Data shown:
BEGIN
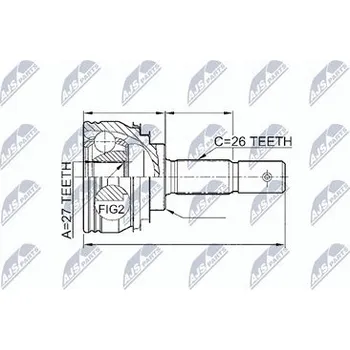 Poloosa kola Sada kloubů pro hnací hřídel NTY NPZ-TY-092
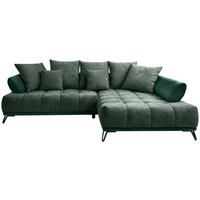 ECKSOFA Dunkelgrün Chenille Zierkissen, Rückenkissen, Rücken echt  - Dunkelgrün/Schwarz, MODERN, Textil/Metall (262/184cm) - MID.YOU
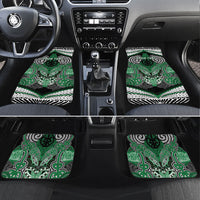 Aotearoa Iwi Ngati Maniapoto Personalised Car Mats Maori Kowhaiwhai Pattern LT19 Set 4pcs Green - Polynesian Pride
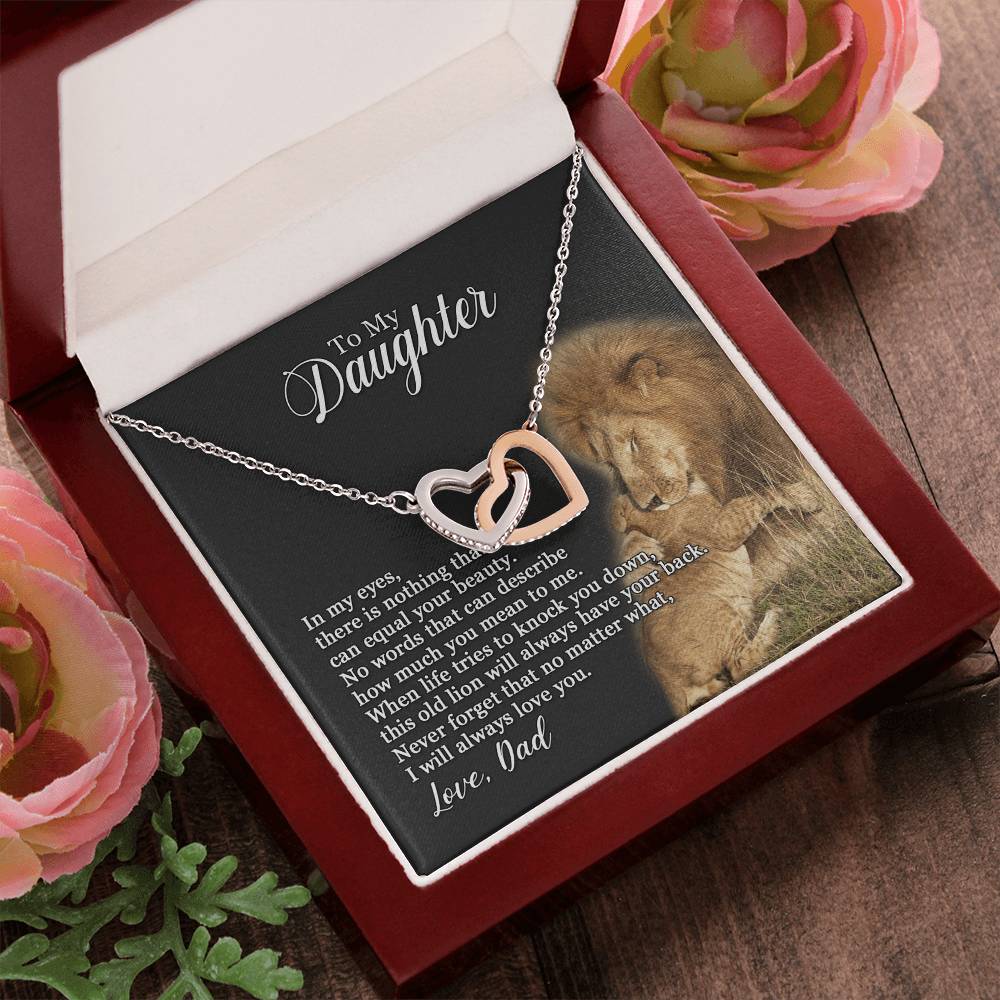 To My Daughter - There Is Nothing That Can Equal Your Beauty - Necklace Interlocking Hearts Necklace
END
BEGIN
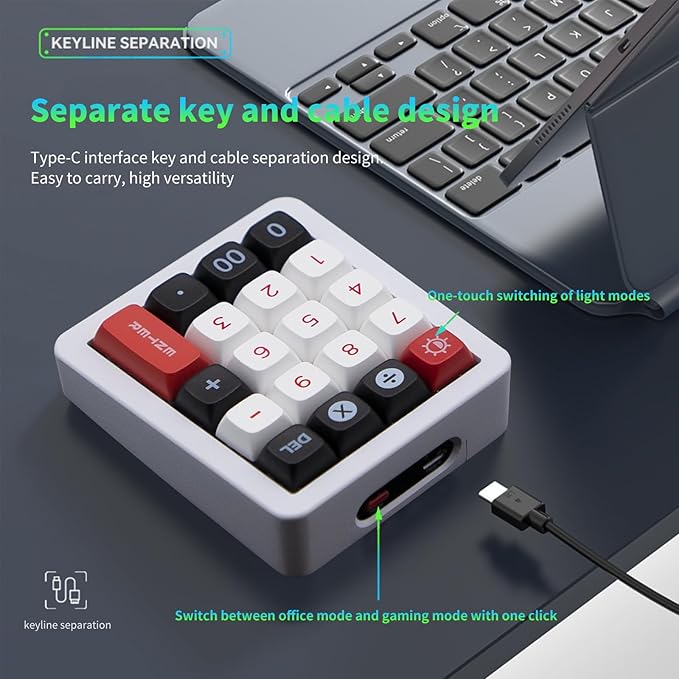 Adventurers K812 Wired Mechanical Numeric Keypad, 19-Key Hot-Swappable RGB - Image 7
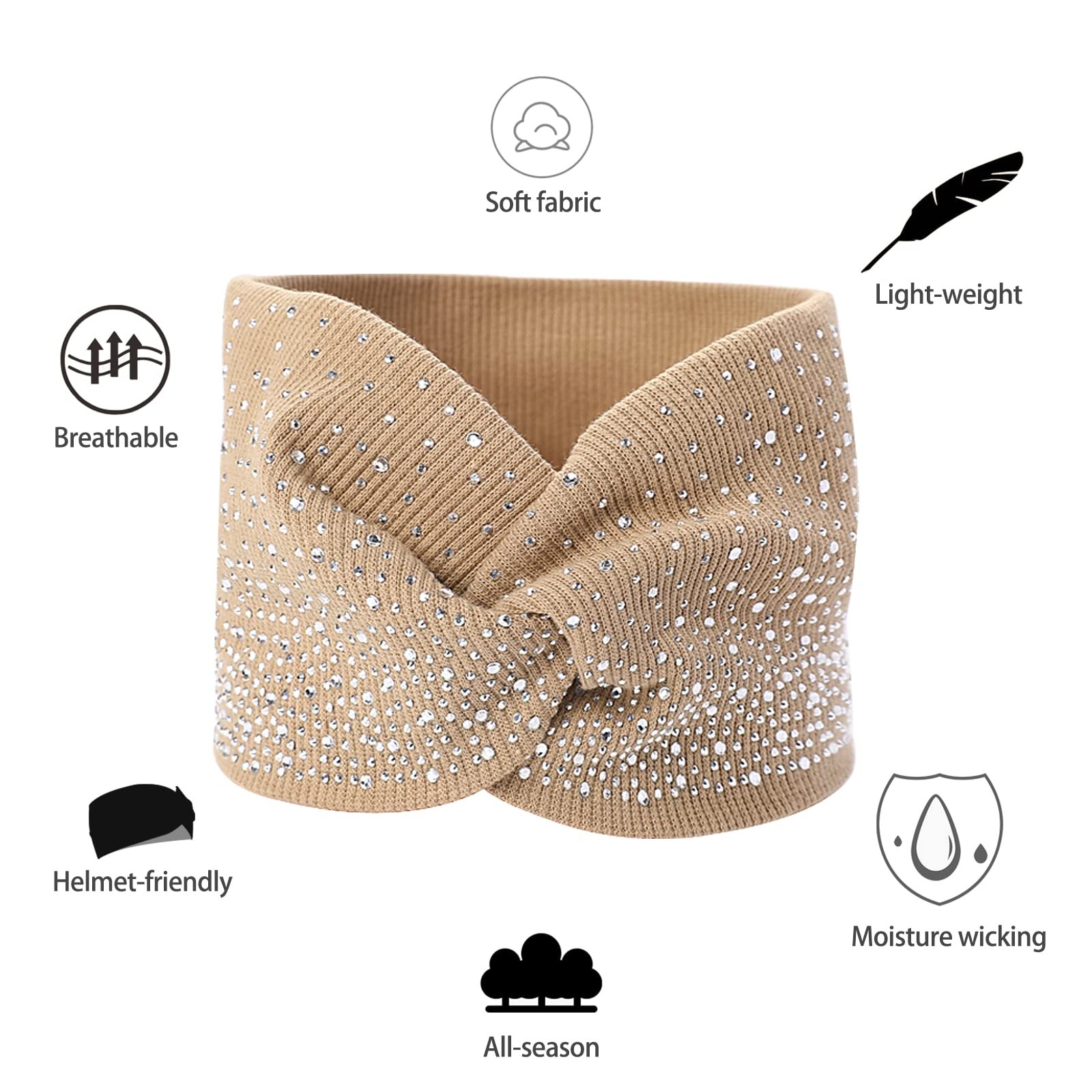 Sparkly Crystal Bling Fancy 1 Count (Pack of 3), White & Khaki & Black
END
Problem description:
Treat the line with "Adventurers K812 Wired" as the start and the line with "Sparkly Crystal Bling" as the end, and return exactly that span of the data above, both ends included, without pictures.

Task result:
 Adventurers K812 Wired Mechanical Numeric Keypad, 19-Key Hot-Swappable RGB - Image 7
 Sparkly Crystal Bling Fancy 1 Count (Pack of 3), White & Khaki & Black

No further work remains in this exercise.